Doch zurück zu unseren Künstlern:
Die meisten Maler, die aus Paris während der Sommerzeit mit Staffelei und Tuben anreisten, mieteten sich in der Auberge Ganne ein. Einige erwarben auch Häuser in Barbizon. Der Wald von Fontainebleau umfasst 17.000 ha und ist berühmt für seine mächtigen alten Eichen und pittoresken Felsen. Als erster hatte sich der Maler Théodore Rousseau 1836 in Barbizon niedergelassen. Es gab eine Hinwendung zur realistischen Naturdarstellung im Gegensatz zur klassisch-idealistischen Landschaftskomposition. Die mit dem französischen Terminus auch als "Paysage intime" (intime Landschaft) bezeichneten typischen Bilder sind betont unaufdringliche, schlicht gehaltene Landschaftsdarstellungen.
Immer mehr Künstler flüchteten aus den städtischen Ateliers aufs Land, um „en plein air“ (in freier Luft) zu malen. Weil es jetzt Ölfarben in Tuben gab, war dies auch technisch möglich geworden. Dabei suchten die Künstler aber nicht mehr nur das erhabene und pittoreske Motiv, wie man sie früher auf Reisen durch die Alpen oder durch Italien fand, sondern man ging weiter: Es galt gerade das Einfache einzufangen, auch das bäuerliche Leben; vor allem die atmosphärischen Erscheinungen zu den unterschiedlichen Tages- und Jahreszeiten.
So wurden die Maler von Barbizon zu Wegbereitern des Impressionismus: Théodore Rousseau, Camille Corot, Francois Millet, Charles Daubigny, Narcisse Diaz de la Pena , um die wichtigsten zu nennen… In der letzten Sendung haben wir u.a. von Camille Pissarro gesprochen und ihn als Vater des Impressionismus bezeichnet, weil er auf Monet und Cezanne großen Einfluss hatte. Pissarro wiederum war – wenn man so will – ein Schüler von Camille Corot, den ich sehr mag, das nur nebenbei… Auch in solchen Personenbeziehungen spiegeln sich die Entwicklungen der Kunst wieder. Von der Politik kennen wir das ja, siehe Marx/Engels.

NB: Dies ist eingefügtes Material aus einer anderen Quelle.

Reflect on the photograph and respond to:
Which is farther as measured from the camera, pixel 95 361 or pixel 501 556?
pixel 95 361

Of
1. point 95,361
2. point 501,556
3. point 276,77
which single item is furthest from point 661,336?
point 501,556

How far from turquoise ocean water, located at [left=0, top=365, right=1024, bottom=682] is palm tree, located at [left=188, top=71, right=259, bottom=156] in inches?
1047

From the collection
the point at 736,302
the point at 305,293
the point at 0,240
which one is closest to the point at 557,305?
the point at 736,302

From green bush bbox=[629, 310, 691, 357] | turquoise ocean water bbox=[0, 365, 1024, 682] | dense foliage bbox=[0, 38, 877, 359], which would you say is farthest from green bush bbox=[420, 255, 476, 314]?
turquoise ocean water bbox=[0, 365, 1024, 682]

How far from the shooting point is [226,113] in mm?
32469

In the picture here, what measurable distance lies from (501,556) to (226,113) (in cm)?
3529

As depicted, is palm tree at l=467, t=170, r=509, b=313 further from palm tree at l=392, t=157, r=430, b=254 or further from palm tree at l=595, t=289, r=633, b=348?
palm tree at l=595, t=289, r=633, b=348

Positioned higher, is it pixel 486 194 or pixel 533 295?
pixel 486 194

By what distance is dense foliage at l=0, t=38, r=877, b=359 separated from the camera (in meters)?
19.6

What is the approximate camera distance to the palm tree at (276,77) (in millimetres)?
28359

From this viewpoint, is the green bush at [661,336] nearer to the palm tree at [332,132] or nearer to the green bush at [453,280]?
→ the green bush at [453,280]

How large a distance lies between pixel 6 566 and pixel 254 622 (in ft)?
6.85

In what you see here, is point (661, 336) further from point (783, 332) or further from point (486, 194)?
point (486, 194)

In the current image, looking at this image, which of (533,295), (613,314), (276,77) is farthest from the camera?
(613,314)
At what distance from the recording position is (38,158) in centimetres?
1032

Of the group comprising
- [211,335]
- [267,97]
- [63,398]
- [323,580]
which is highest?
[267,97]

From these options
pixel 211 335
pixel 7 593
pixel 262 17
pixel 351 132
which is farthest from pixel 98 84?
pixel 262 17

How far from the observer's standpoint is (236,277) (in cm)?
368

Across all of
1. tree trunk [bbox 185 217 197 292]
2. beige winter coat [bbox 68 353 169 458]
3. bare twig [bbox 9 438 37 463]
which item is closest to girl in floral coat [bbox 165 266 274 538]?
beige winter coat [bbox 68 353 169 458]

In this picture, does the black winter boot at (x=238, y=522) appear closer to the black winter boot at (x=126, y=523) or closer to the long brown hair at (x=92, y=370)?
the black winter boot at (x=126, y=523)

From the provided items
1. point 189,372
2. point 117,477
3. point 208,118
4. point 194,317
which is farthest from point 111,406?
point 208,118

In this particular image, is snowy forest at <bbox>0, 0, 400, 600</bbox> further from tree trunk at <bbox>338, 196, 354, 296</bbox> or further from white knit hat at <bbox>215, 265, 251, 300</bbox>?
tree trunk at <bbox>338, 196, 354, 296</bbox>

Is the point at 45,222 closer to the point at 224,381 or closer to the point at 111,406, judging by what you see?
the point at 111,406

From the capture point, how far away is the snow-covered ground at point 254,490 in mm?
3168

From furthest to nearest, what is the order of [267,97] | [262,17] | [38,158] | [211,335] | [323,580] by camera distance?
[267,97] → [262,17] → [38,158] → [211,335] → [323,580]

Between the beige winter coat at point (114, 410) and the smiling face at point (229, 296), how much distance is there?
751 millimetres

Barbizon jedenfalls wurde zwischen 1840 und 1870 ein Zentrum der Freilichtmalerei, das Künstler aus anderen Ländern anzog ( u.a. auch den Deutschen Max Liebermann, der dort den von ihm sehr geschätzten Francois Millet 1874 kurz vor dessen Tod besuchte). Es gab bald viele – auch radikalere - Nachahmer. Man weiß heute, dass z.B. nur Daubigny ausschließlich im Freien malte. Die übrigen Künstler legten im Allgemeinen draußen nur Skizzen an, um dann im Atelier nach diesen Vorstudien zu malen. Ein weiterer Irrtum: In der Kunstgeschichte spricht man manchmal von der „ Schule von Barbizon“ oder auch der „Schule von Fontainebleau.“ Beide Begriffe sind missverständlich. Eine Schule, ein Lehrer-Schüler–Verhältnis oder feste Regeln, hat es nie gegeben. Keine Absprachen, nur einen gemeinsamen Geist… Es war eher ein lockerer Freundschafts- und Kollegenkreis, von denen sich einige in Barbizon ansiedelten, andere sich in der Pension Auberge Ganne zeitweise einquartierten.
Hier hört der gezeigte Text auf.